Souzalite is a rare phosphate mineral often found as fibrous, blue-green aggregates within granite pegmatites. It is best identified by its association with other rare phosphate minerals and its distinct acicular habit, which makes it a sought-after species for mineral collectors specializing in pegmatite suites.
Is this souzalite?
5-step field checkRun through these checks against the specimen in your hand. The more boxes tick, the more confident the ID.
- 1Test the hardnessTry to scratch souzalite with a known reference. Souzalite sits at Mohs 6 — softer than the next harder reference, harder than the previous one.
- 2Check the streakDrag the specimen across an unglazed porcelain plate. Souzalite leaves a white streak.
- 3Read the lusterHold the specimen under a strong light. Souzalite typically shows a vitreous luster.
- 4Match the color rangeCompare against the expected color range: green, blue-green.
- 5Look at form & habitCrystal system: monoclinic.

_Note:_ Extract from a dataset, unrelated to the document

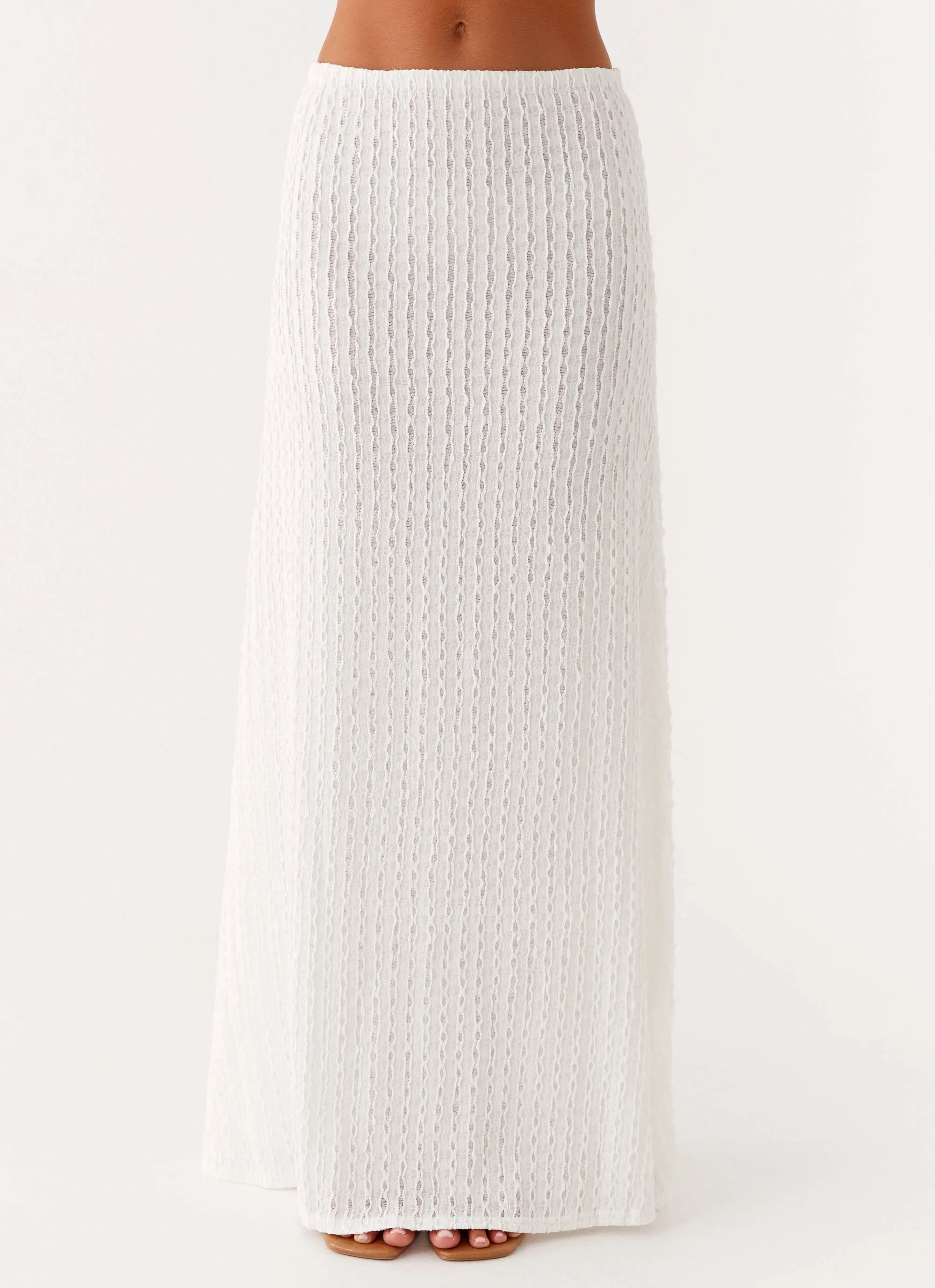 Clovelly Maxi Skirt - White sold by Peppermayo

Typical habit: fibrous masses, acicular crystals.
Often confused with
Souzalite vs. its common look-alikes — and how to tell them apart in the field.
Often found alongside souzalite
Minerals reported to co-occur with souzalite. Spotting these in float or country rock is a strong cue you are in the right ground.
All properties
- Chemical formula
- (Mg,Fe²⁺)₃(Al,Fe³⁺)₄(PO₄)₄(OH,F)₆
- Mohs hardness
- 6
- Density
- 3.31 g/cm³
- Colors
- Streak
- White
- Luster
- Vitreous
- Transparency
- Translucent
- Crystal system
- Monoclinic
- Crystal habit
- Fibrous Masses, Acicular Crystals
- Cleavage
- Good On {110}
- Rarity
- Rare
- Uses
- Collector
- Host rock
- Phosphate-rich Pegmatites
- Typical price
- $20-150 for small specimens
Where rockhounds find souzalite
Classic worldwide localities
- Minas Gerais, Brazil
- Custer County, South Dakota, USA
- Finland
Field-hunting tip
Look in phosphate-rich pegmatites country — that is the host setting where souzalite typically forms. If you start seeing trolleite, scorzalite, lazulite in float, you are in the right ground. Field specimens usually show a fibrous masses, acicular crystals habit, so train your eye for that shape before scanning the outcrop.